飛行時間型二次イオン質量分析(TOF-SIMS)

TOF-SIMS:Time-of-Flight Secondary Ion Mass Spectrometry

飛行時間型二次イオン質量分析(TOF-SIMS)とは

飛行時間型二次イオン質量分析(TOF-SIMS)はパルス化した一次イオンビームを試料表面に照射し、その表面から放出された二次イオンを飛行時間により質量分離を行う手法です。試料最表面に存在する無機・有機成分に関する情報を高感度に得ることができ、表面汚染物質の分析、微量添加元素も含むマッピングが可能で、深さ方向分析も可能です。

飛行時間型二次イオン質量分析装置(TOF-SIMS)の外観


ION-TOF社 TOF-SIMS.5

飛行時間型二次イオン質量分析(TOF-SIMS)の原理

試料表面に一次イオンを照射すると、その表面からスパッタリング現象によって正または負の二次イオンが放出されます(図1)。


図1 SIMSの原理

この二次イオンを引き出し電圧によって加速し、検出器に到達するまでの飛行時間を質量に換算することで、試料情報を得ることができます(図2)。


図2 飛行時間型質量分析計の原理

装置仕様

一次イオン銃 Bi(Bi1+、Bi3+、 Bi3++)、Ar-GCIB
分析領域 20μm×20μm~500μm×500μm *ステージスキャンで最大60mm×60mm
最小ビーム径 80nm(高空間分解能測定時)
画素数 128pixel×128pixel~2048pixel×2048pixel
情報深さ 1~3nm
検出感度 数ppmオーダー *元素、マトリクスによる
測定質量範囲 m/z 0~10,000、全質量範囲の同時測定が可能
質量分解能 10,000以上 *高質量分解能測定時
スパッタイオン銃
  • Ar+、O2+、Cs+、Ar-GCIB
試料サイズ 16mm×12mm、8mmt以下(バックマウント) 90mmφ、12mmt以下(トップマウント)
その他 Zalar試料回転対応

飛行時間型二次イオン質量分析(TOF-SIMS)の特徴

飛行時間型二次イオン質量分析(TOF-SIMS)の適用分野(用途)

注意点

分析項目

1)定性分析


マススペクトル分析結果

得られたマススペクトルから定性評価が可能です。

2)マッピング分析


二次イオン分布像

元素、化合物の面内分布を観察できます。

3)深さ方向分析


深さ方向分析結果

各種スパッタイオン銃の併用により、深さ方向分析が可能です。

飛行時間型二次イオン質量分析 (TOF-SIMS)による評価事例

事例1;微量元素のマッピング分析

対象試料:ホウ素10ppm添加鋼

高空間分解能および高感度検出により、微量元素の面内分布を観察することができます。
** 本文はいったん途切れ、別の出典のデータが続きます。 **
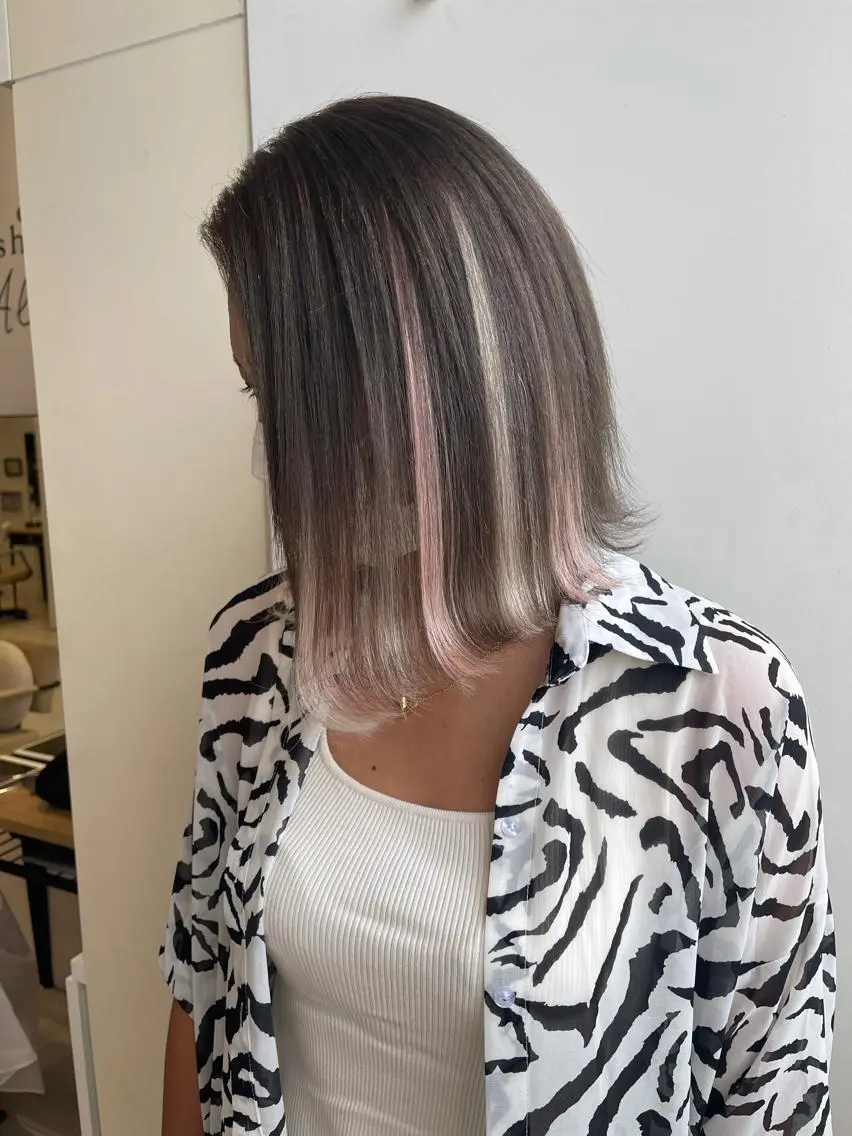 ミディアム カラー ピンクカラー エクステ エクステ インナーエクステ渋谷 🦋KAJIのヘアスタイル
更に走査イオン像による組織観察も可能です。
分析例では、鋼中の微量な添加元素であるホウ素(B)が結晶粒界に偏析していることを確認できます。

ホウ素10ppm添加鋼

事例2; Siウェハ表面の性状調査

対象試料:ポリ袋に保存したSiウェハ、ポリ袋、清浄なSiウェハ

フラグメントイオン(元の化学構造が分解されたイオン)により、有機物の化学構造解析が可能であり、最表面の有機汚染の調査に非常に有効です。
分析例では、ポリ袋に保存したSiウェハからは、ポリ袋の滑剤として使用されるステアリン酸アミドが検出され、ポリ袋由来の成分が転写されていることがわかります。

マススペクトル分析結果

事例3; 塗膜の斜め断面分析

対象試料:塗装鋼板

微小領域の有機・無機成分に関する情報を一度に取得可能です。また、表面界面切削解析装置(SAICAS)を用いて作製した斜め断面をTOF-SIMS分析することで、ミクロンオーダー以下の塗膜内部や界面の詳細解析が可能です。
分析例では、塗装鋼板の斜め断面のマッピング分析を実施しました。ポリエステル樹脂中にフィラー成分と推測されるSiやCaが粒状に分布していることが確認できます。